To think that Prine could still write songs like his best from 1971, including the timeless classic he wrote for his father Paradise:
Daddy, won’t you take me back to Mulenberg County
Down by the green river where Paradise lay
I’m sorry my son but you’re too late in asking
Mr. Peabody’s coal train has hauled it away
is almost too much to ask, but he buried himself in a dark Nashville hotel room where he slept all day and wrote all night until he had the ten songs he needed to make the record. The revelation that unfolded from his spirited conversation with Scott Goldman was that it wasn’t his idea to do it at all. It came from his wife Fiona and children, who bluntly told him, “Daddy, it’s time to make a record.”
You see, like any writer worth his salt, he would do anything to avoid having to write, it’s just too painful to do without a gun to your head. The test of a writer is what you will do with that gun to your head. And what John Prine, who wrote his first song at the age of 14, does—again and again—is rediscover the depth of craft and occasional magic that touch down like a 747 on the runway of your experience and collective unconscious with a pen in your hand and guitar on your shoulder.
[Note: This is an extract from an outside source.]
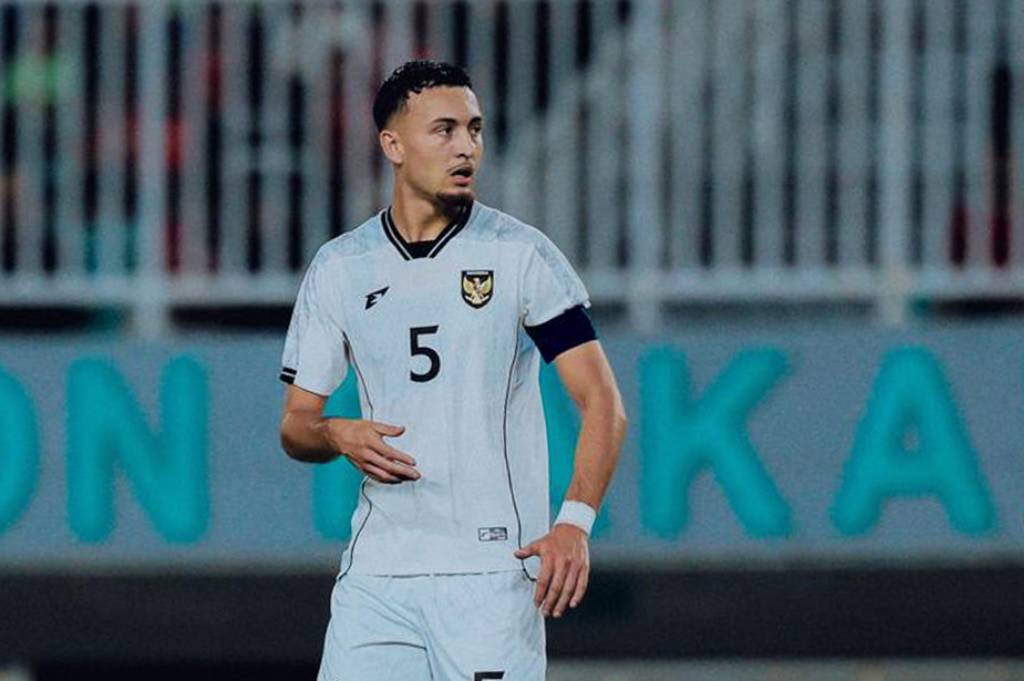 Ivar Jenner Dikira Cedera Parah, Dewa United Bongkar Fakta Sebenarnya!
Speaking of which, John Prine’s 1968 vintage Brazilian rosewood Martin D-28—fifty years old this year—just twenty-one years younger than he is, was standing opposite my seat in the third row of the Clive Davis Theatre, leaning up against the wall, the perfect subject for photographer Jacki Sackheim, who covered the evening for FolkWorks. His guitar was his only band—and only joined him onstage after the rhapsodic interview that left the audience in stitches throughout his account of how he started out as a mailman who only wrote songs in his spare time—much like the grizzled self-described “dirty old man” poet Charles Bukowski became a poet while delivering mail.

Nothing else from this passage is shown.